Not long after, there was a loud bang at the caravan door: ‘You fuckers are trippin’ then. Ashley shouted, drunk on Guinness from a night in town. In our drugged state, we had forgotten about him for a while, so let him in. Excitedly, he told us about his evening as we played more music and talked. I remember some of the titles we played that evening: Savoy Brown, ‘Raw Sienna’, Donovan, Sergeant Pepper, The White Album, and of course David Bowie. Ashley decided to take the remaining LSD tablet; he was soon as high on LSD as Richard and I. The new Bowie album played almost constantly, and we all shared the experience. We analysed the cover and the inner sleeves, looking for clues to the story our minds had invented. Richard and Ashley were then drawing with pens on the same pad of paper; the image that appeared was a fist clenching a torch with flames licking upwards like the hand of the Statue of Liberty. They kept repeating the same phrase, ‘I’m a gunna!’ finally titling the piece, ‘I’m a gunna’. So much seemed to be happening; our heightened senses took us on a rollercoaster ride, so by the time we came down from the ‘Trip’, the effects were imprinted on our young minds.
The following week, we bought the latest copy of the NME (New Musical Express), as was customary for us. It was on sale every Thursday, and I spotted an advertisement towards the back. David Bowie was touring the UK and would be at Croydon Greyhound on Sunday, June 25, 1972, the following weekend. After the crazy experiences of the weekend, Richard and I wanted to go. Ashley was doing something else but was able to help us. He had a friend from the Student Union who had a mother living in Croydon, a car, and was going home that very weekend to visit his girlfriend.

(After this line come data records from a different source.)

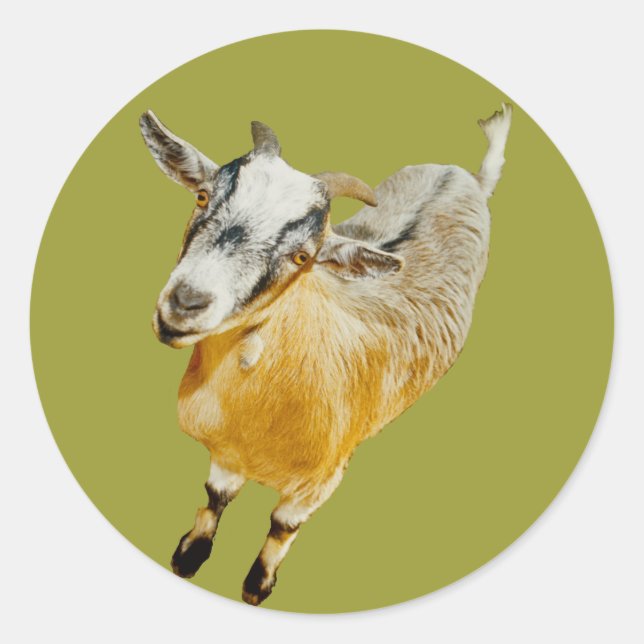 African Pygmy Goat Classic Round Sticker (Front)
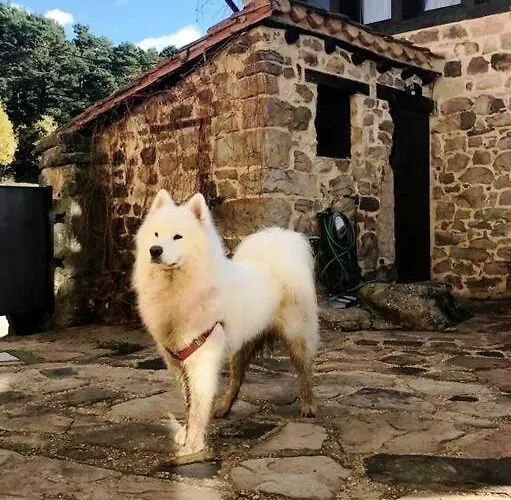 Casa Con Encanto Lagunanegra Y Urbion * Vinuesa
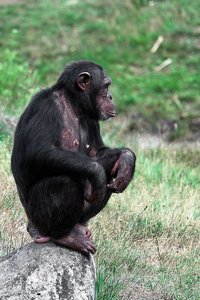 bearbeitet 01.jpg bearbeitet 01.jpg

So this began an almost unbelievable set of coincidences, putting us in front of a stage in Croydon on June 25 to watch a performance that became legendary and was the now famous Ziggy Stardust Tour. We agreed that we would stay at his mother’s house over the weekend, and we met Chris at the Student Union. Though he was staying in Croydon, he was only at his mother’s house Saturday night, leaving Sunday morning to stay with his girlfriend. We would have to hitch back after the show, which was no real hardship for us. I don’t remember how we afforded the weekend, but I was working at a petrol station at that time, so somehow we had enough.
On Saturday evening, the day before the Bowie concert, we found another local show featuring Amon Dull, a German electronic group, and another band called Jericho. Chris, his girlfriend, Richard, and I all went along. It was an interesting enough show, but we were so hyped up for the Bowie show that ‘Kraut Rock’ was kind of lost on us. This, it turned out, was another coincidence, as Bowie would later take a sojourn to Berlin, where he created a new persona.

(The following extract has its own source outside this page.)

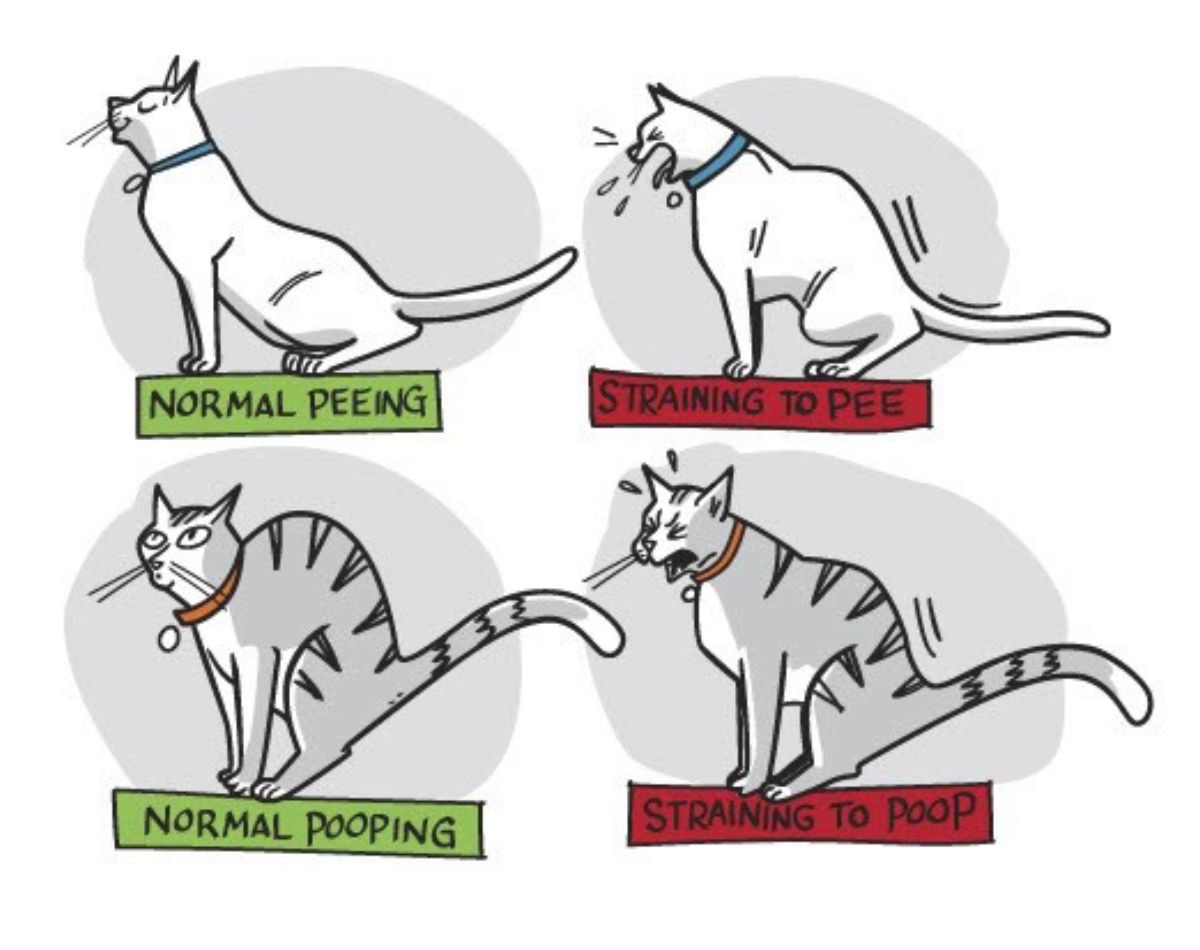 constipation in cats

On Sunday, it was just Richard and I killing time until the show began. The Croydon Greyhounds Hall was a 15-minute walk from Chris’s mother’s house. We said our goodbyes to his mother and walked to the hall carrying bags with our overnight things for the weekend. As we arrived, a long line was forming outside, going around the block. We joined it, placed our bags on the floor, and shuffled them along with our feet as the queue got ever closer to the door. An even longer queue was forming behind us; it looked like a hundred or so people, but we later discovered it was about a thousand people. We finally reached the ticket counter and paid for our entry. We were stamped on the wrists as proof of payment, and the marks glowed in the ultraviolet light above the doorway. I think one other couple was admitted behind us; all the rest were turned away. It was an extraordinary stroke of luck, as had we left just two minutes later, we would have been too far back to get in. The capacity of the hall was only 200 people, which we had been unaware of, but we made it into the number.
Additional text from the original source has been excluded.